#### What needs to be done
When you reach the line in the data below that contains "Black:white Huskies", please start repeating lines exactly, and stop after the line that contains "Impressão das canvas de St Bernard", repeating nothing else.

** Opening Provided entries block **

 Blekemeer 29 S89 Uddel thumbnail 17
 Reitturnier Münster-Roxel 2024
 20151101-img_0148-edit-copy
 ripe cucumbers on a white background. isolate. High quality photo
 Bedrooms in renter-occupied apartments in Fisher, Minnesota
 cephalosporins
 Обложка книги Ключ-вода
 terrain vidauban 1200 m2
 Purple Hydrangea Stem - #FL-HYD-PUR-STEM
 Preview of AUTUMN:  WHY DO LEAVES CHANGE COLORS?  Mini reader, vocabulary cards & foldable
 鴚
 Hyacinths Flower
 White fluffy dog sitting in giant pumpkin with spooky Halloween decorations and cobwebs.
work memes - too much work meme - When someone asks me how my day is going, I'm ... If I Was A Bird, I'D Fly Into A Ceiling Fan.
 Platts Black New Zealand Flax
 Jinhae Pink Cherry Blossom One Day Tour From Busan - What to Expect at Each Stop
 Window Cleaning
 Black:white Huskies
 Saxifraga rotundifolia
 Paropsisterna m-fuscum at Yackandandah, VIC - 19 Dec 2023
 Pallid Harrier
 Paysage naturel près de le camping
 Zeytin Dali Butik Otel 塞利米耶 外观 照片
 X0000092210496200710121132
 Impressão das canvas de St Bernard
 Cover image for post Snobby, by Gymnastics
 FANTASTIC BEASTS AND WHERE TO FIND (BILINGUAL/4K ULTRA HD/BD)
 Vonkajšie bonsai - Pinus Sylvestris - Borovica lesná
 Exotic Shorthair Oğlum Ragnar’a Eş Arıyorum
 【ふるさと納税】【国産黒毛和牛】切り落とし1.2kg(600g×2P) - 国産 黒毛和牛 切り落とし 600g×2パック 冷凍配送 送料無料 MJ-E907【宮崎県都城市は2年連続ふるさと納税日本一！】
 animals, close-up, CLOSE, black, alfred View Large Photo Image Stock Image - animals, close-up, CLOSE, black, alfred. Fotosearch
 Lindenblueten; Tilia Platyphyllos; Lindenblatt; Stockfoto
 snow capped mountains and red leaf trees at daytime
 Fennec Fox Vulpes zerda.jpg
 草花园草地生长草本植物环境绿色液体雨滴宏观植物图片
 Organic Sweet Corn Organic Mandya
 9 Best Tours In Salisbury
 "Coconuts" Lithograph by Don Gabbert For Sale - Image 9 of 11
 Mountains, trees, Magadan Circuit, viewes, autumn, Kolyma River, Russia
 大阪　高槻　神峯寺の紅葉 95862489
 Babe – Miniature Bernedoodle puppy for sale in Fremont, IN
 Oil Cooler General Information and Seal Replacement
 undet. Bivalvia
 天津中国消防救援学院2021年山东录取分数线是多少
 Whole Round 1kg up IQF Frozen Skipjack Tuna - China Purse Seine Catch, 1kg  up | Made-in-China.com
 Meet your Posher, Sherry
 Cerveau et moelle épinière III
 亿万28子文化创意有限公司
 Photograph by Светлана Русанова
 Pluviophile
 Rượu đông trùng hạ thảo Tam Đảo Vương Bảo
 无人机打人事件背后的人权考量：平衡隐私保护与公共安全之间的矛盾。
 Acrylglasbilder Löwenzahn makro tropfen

** Closing Provided entries block **

#### Problem solution
 Black:white Huskies
 Saxifraga rotundifolia
 Paropsisterna m-fuscum at Yackandandah, VIC - 19 Dec 2023
 Pallid Harrier
 Paysage naturel près de le camping
 Zeytin Dali Butik Otel 塞利米耶 外观 照片
 X0000092210496200710121132
 Impressão das canvas de St Bernard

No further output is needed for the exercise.